It is not straightforward to handle categorical variables. There are encoding schemes [1] (one-hot encoding, label encoding, ordinal encoding etc.) and categorical embedding techiques [2, 3] to address this problem.
This project aims to provide an umbrella for all such solutions. Moreover, we present a new technique called "Holistic Categorical Embedding".
Holistic Categorical Embedding approaches categorical embedding problem as a sequence to sequence learning task. Each categorical column represents a time-step whereas each available category (plus an additional "unknown category") represents an observation at a given time-step.

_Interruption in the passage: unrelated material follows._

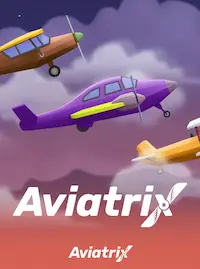 AviatriX crash game at JILIGGG COM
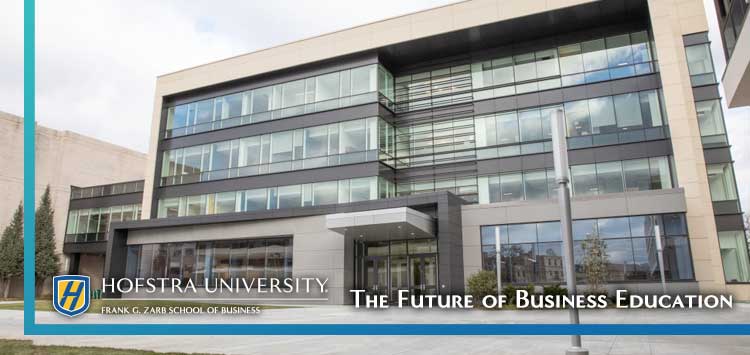 Hofstra University – Frank G. Zarb School of Business Online MBA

All categories over all the categorical columns forms the vocabulary.
Notice that there is no "temporal" interaction between the columns in reality. Therefore, consider the problem as learning latent distributions where the trainsition matrix for the states is trivial but learning the observation probabilities is the main focus.
This approach paves the road for applying NLP advancements on the categorical embedding domain. We may also apply any auto-encoding solution as well as sequence to sequence learning solutions.

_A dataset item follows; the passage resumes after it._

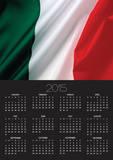 Italian flag Photo by Jim Barber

We expect to see the most efficiency when there are lots of categorical columns with small/moderate number of categories. In constrast, cases where there are many columns with a few categories but one column having a great number of categories may cause unecessary memory consumption and other techniques might be considered. Though, as long as there are "enough" data, the solution is applicable for all domains.

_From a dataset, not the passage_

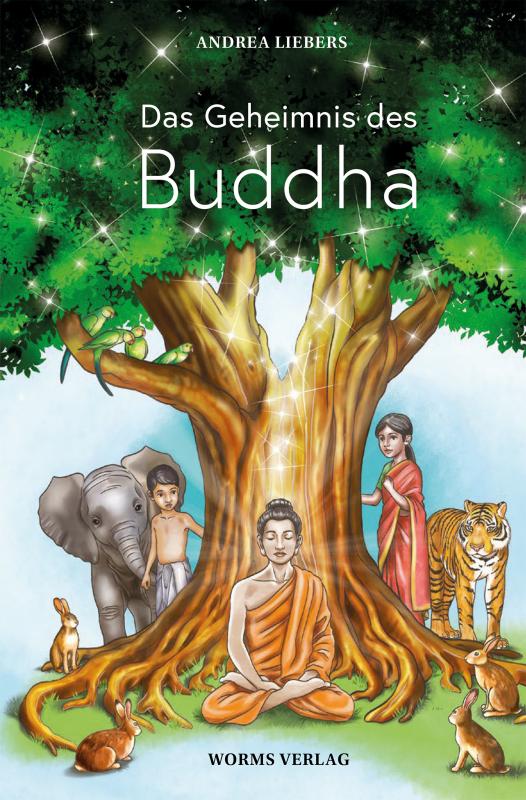 Cover-Bild Das Geheimnis des Buddha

- Keeps a definite interface for generators (the so-called inner-generator) feeding the models.
- Users may provide their custom generators (the so-called outer-generator) to integrate any data source.
- Thus, we separate the ingestion logic from ML/DL architectures/models.
- Abstracts shared training and embedding tasks so that developers can focus only on the model architectures.
- Currently supports 2 main approaches:
- Seq2seq learning
- Re-usable and generic encoder-decoders allowing choice of recurrent cells, their parameters; the number of layers in encoder and decoder etc.
- VAE learning
- Enables both continuous and discrete/concerete latent embeddings.
- Enables users to define encoder and decoder over a config file for high flexiblity.
- Seq2seq learning
- Provides discriminative wrappers for both approaches.
- Provides basic processors and layers in addition to the ones in Keras.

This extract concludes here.